23. Februar 2010 10:52
Justizministerin Claudia Bandion-Ortner (V) sieht derzeit kaum noch
Möglichkeiten, innerhalb der Justiz Personal umzuschichten. Die Gewerkschaft
fordert 430 zusätzliche Planstellen für die Justiz und droht andernfalls mit
Streik. Beamtenministerin Gabriele Heinisch-Hosek (S) lehnt das ab und will
stattdessen über Effizienzsteigerung sprechen. Bandion-Ortner forderte dazu
am Dienstag vor dem Ministerrat konkrete Vorschläge ein.

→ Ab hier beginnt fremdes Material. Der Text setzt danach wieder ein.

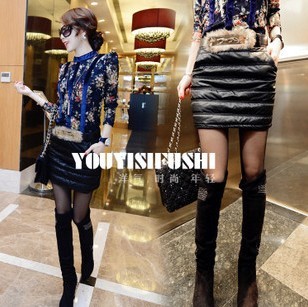 2013 spring slim woolen plus cotton leather patchwork bust skirt short skirt with belt 1086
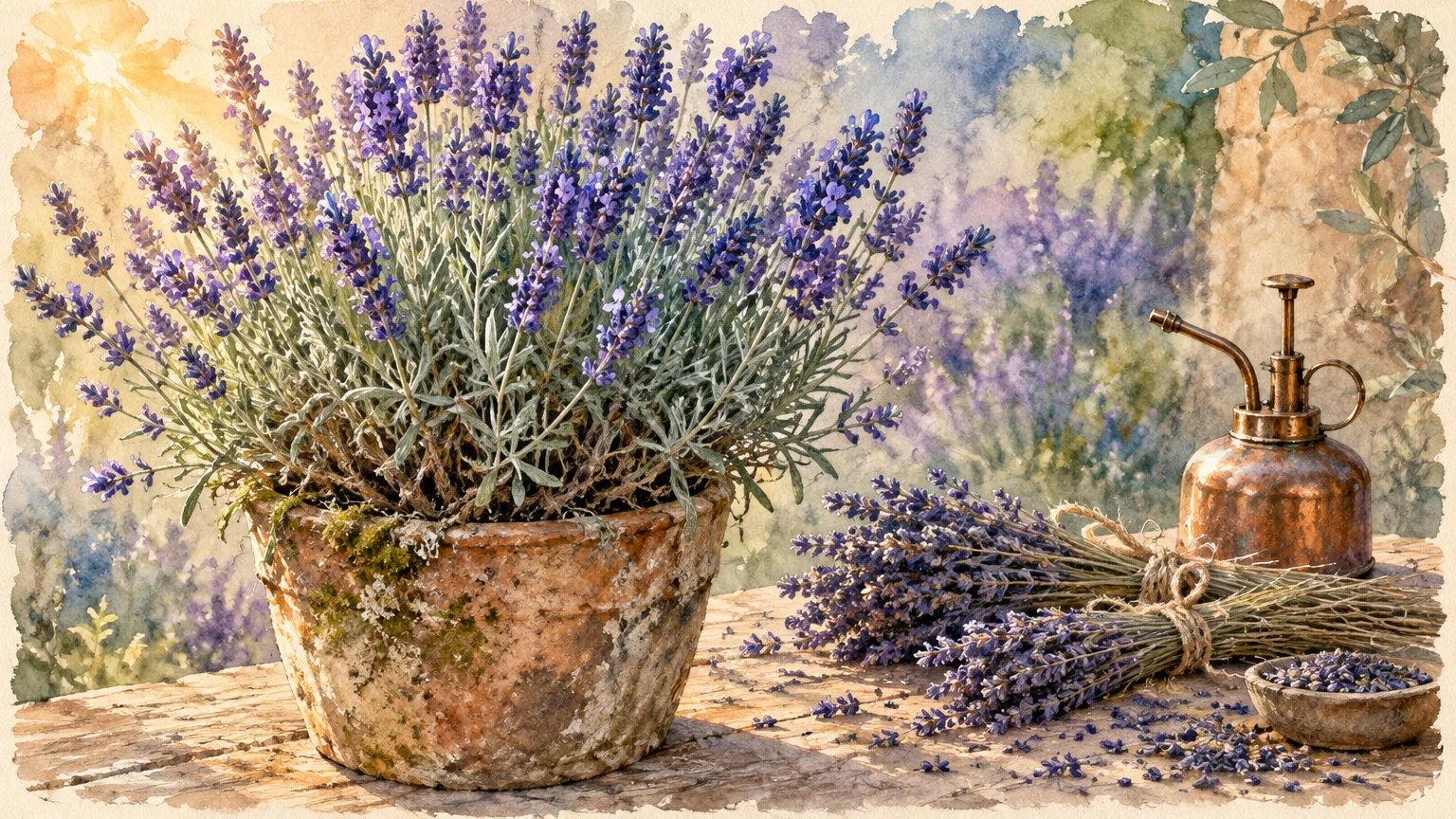 Watercolor illustration of potted blooming lavender, bundled dried sprigs, and a copper plant mister on a wooden ledge.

"Konkrete Vorstellungen vermisse ich bis jetzt", sagte die
Ministerin angesprochen auf die Forderung Heinisch-Hoseks nach internen
Umschichtungen im Bereich der Justiz. "Ich sehe nicht mehr viele
Möglichkeiten, Ressourcen freizuschaufeln."
Gleichzeitig appellierte die Justizministerin an die Vertreter von Richtern,
Staatsanwälten und Justizbeamten, mit ihren Forderungen Rücksicht auf die
wirtschaftliche Situation zu nehmen. Sie akzeptiere zwar die Ergebnisse der "Personalanforderungsrechnung"

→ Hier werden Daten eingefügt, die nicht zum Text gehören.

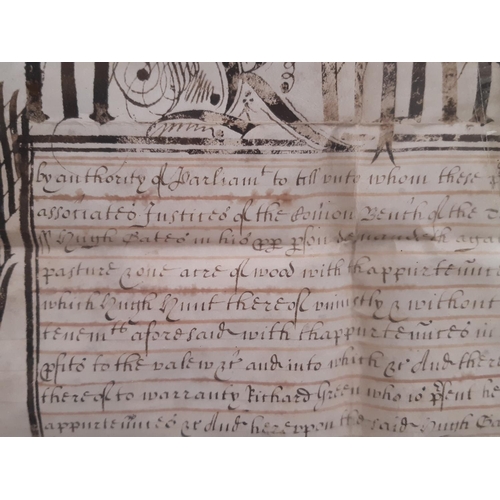 746 - Two 17th century indenture manuscripts, hand written with ornately decorated headings, ink on vellum... 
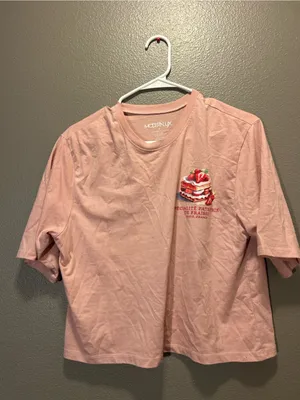 Modern Lux Pink Pastry Graphic Cropped Tee Shirt M thumbnail 2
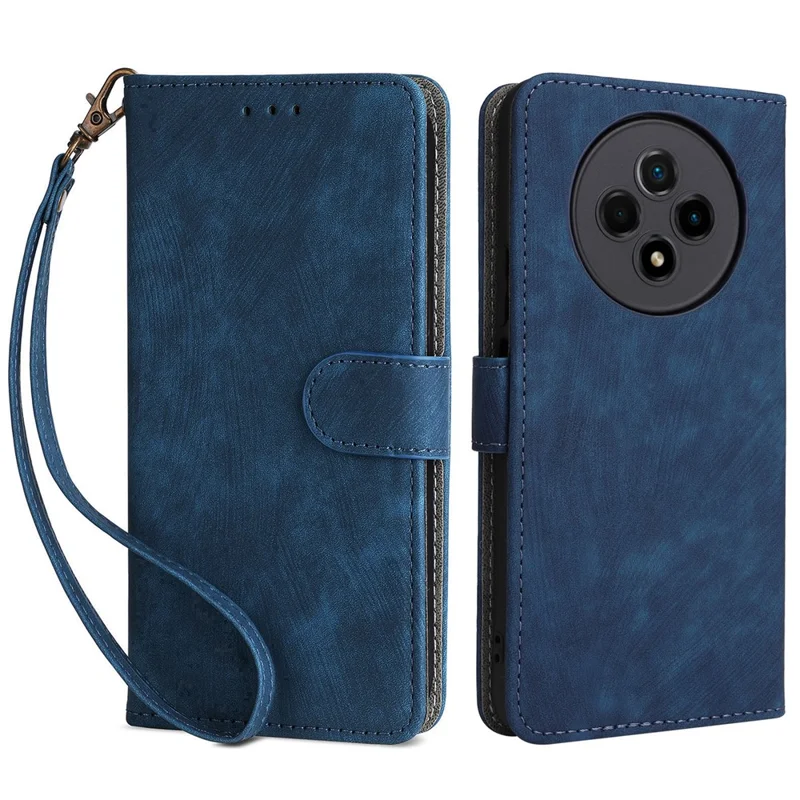 Wallet Phone Case for Wiko Hi Enjoy 60 Pro 5G Anti-Drop RFID Blocking Leather Flip Cover with Strap - Blue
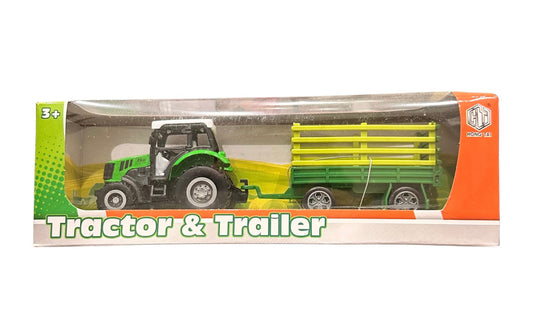 Tractor & Trailer Pull Back Action Toy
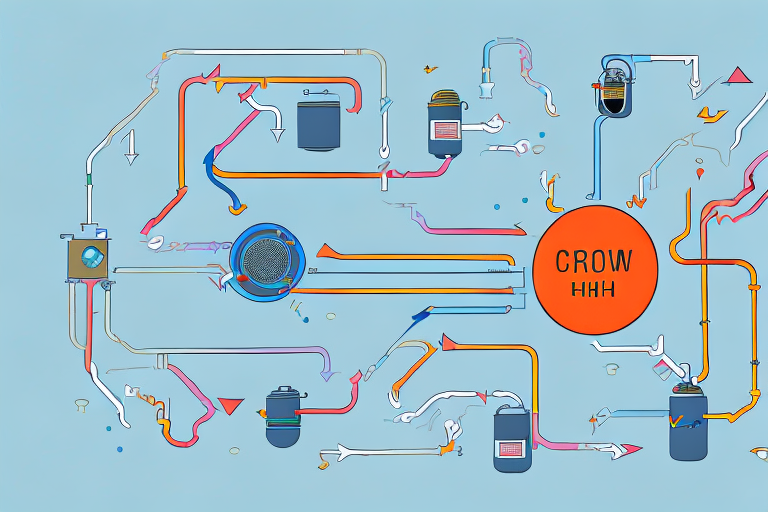 Various types of heat pumps with different colored arrows indicating the flow of refrigerants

(diese wies für die Justiz einen Fehlstand von 430 Dienstposten aus, Anm.),
es sei allerdings schwer, in Krisenzeiten eine Personalaufstockung
vorzunehmen. Sie werde aber weiterhin in Gesprächen mit Vizekanzler Josef
Pröll (V) und Heinisch-Hosek mehr Personal einfordern, so Bandion-Ortner.
Pröll sagt Gespräch zu
Nach Beamtenministerin Gabriele
Heinisch-Hosek (S) hat auch Finanzminister Josef Pröll (V) ein Gespräch mit
den protestierenden Richtern und Staatsanwälten zugesagt. Über zusätzliches
Personal für die Justiz will Pröll aber dabei nicht verhandeln, wie er am
Dienstag nach dem Ministerrat sagte: "Es wird ein Gespräch geben, aber nicht
zur Verhandlung, sondern zur Frage des Problemaufrisses."

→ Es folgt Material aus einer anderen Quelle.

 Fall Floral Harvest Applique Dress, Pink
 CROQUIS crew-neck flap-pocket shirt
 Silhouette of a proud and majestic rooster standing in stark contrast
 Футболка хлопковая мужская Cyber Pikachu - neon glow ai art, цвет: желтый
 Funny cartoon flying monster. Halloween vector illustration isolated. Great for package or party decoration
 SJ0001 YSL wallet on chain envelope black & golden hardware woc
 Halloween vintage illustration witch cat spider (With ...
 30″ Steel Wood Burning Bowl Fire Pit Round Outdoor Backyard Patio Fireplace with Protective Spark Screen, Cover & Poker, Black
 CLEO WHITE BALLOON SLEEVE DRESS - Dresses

Schließlich sei die wirtschaftliche Lage nicht dazu angetan, in allen
Bereich nach mehr Ressourcen zu rufen, so der Finanzminister. Bundeskanzler
Werner Faymann (S) verwies in Sachen Justizpersonal auf die Zuständigkeit
von Ressortchefin Justizministerin Claudia Bandion-Ortner (V). Ein
Einschreiten der Regierungsspitze hält er nicht für angebracht: "Es ist
nicht so, dass wir automatisch für alle Sachen zuständig sind."